Танатологические мотивы в художественной литературе | страница 119



Если не принимать во внимание незначительные упоминания баллады «Морская царевна» в работах некоторых лермонтоведов, приходится признать, что это стихотворение становилось объектом пристального рассмотрения лишь дважды. Первый раз – в небольшом фрагменте книги С. Наровчатова, второй – в статье К. Кедрова и Л. Щемелевой в «Лермонтовской энциклопедии».

С. Наровчатов анализ баллады начинает с тонкого рассуждения о природе фантастического в творчестве поэта: «Фантастическое у Лермонтова— от ощущения трагедийного несовершенства всего сущего» [Наровчатов 1970: 82–83]. Далее автор затрагивает некоторые проблемы мифопоэтического, эстетического, гносеологического и танатологического характера, но небольшое пространство рассуждения, отсутствие анализа поэтики текста сводят мысли С. Наровчатова лишь к интуитивным намекам, так и не проливающим свет на образную систему и истинный смысл баллады. Та синтетичность, которую обрел художественный мир М. Лермонтова в поздний период («Когда волнуется желтеющая нива» (1837), «Из Гете» (1840), «Выхожу один я на дорогу…»), те искания, истоки которых можно обнаружить в эстетике раннего романтизма, в частности в натурфилософии Новалиса, нивелируются исследователем, так как не выстроена мифологическая структура лироэпического пространства, не сделаны нужные акценты и, главное, не учтен контекст. Лирический герой поэта (впрочем, и сам поэт) к 1841 г. уже не был человеком крайностей: он нашел то состояние созерцательности, которое помогает спокойно и фаталистично смотреть и на жизнь, и на смерть, ставить проблемы, которые если нельзя разрешить, то можно прочувствовать. Так или иначе, перед нами философ, «реальный идеалист» или «идеальный реалист», если пользоваться терминологией Р. Габитовой, примененной ею в качестве характеристики сущности художественного мира Новалиса [Габитова 1978: 181].

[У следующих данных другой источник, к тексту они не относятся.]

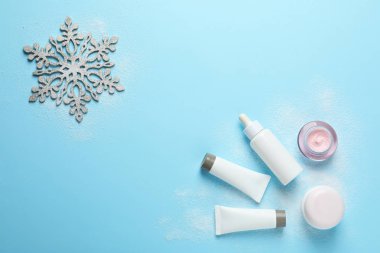 Mavi arkaplandaki kozmetik ürünleri seti, metin için yeri olan düz bir set. Kış bakımı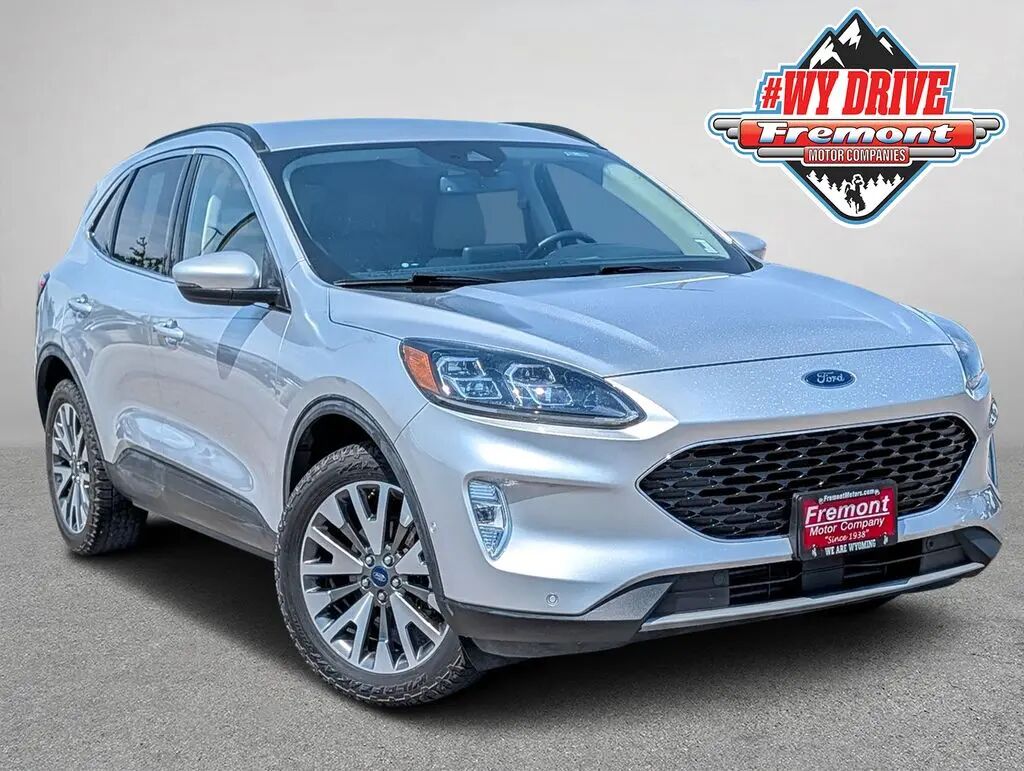 2020 Ford Escape Titanium — photo 1 of 13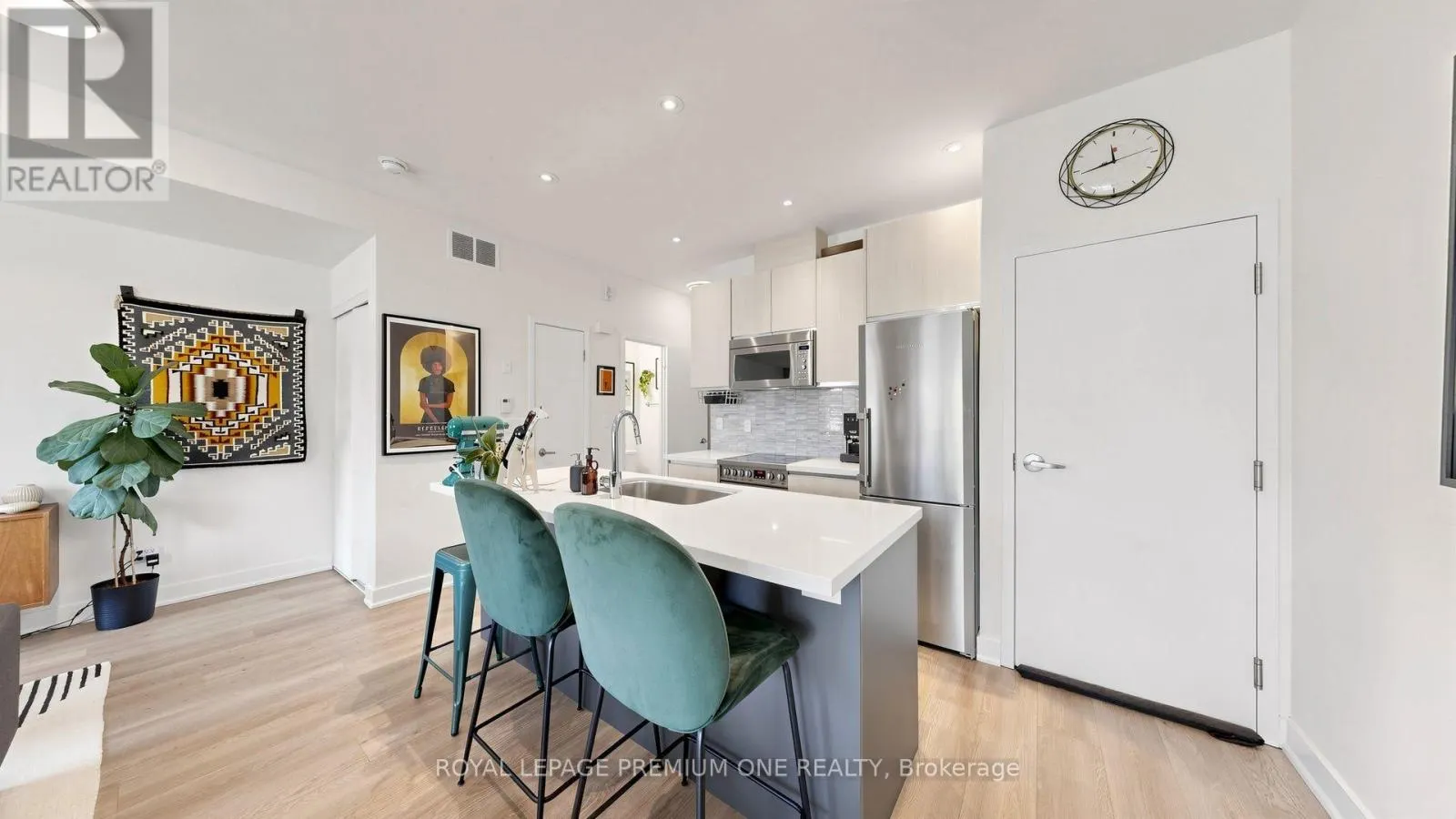 203 - 441 JANE STREET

Противопоставлены оказываются не «чудесное» и «действительность», а природа и цивилизация, причем гибель «царевны» не отрывает человека от бесконечного, а, наоборот, сближает с ним, приобщает к нему через неосознанные психологические механизмы.

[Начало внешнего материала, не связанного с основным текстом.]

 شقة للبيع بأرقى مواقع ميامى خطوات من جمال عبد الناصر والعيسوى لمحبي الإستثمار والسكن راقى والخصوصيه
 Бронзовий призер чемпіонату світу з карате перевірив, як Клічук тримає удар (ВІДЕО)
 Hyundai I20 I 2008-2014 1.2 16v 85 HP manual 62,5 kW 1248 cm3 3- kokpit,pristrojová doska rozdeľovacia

Наверное, самым существенным недостатком и рассуждений С. Наровчатова, и статьи в «Лермонтовской энциклопедии» является односторонность анализа субъектной организации текста. Главным персонажем баллады систематически считается «морская царевна», хотя лирический аспект лироэпического сюжета основан на развитии внутреннего мира «царевича». К. Кедров и Л. Щемелева видят в финале стихотворения акцентирование лишь авторской позиции этического характера. Фольклорный мотив превращения, имеющий мифологическую подоснову, соотнесен ими только с образом «морского чуда» [Лермонтовская энциклопедия 1981: 285–286], тогда как главные изменения происходят во внутреннем мире человека.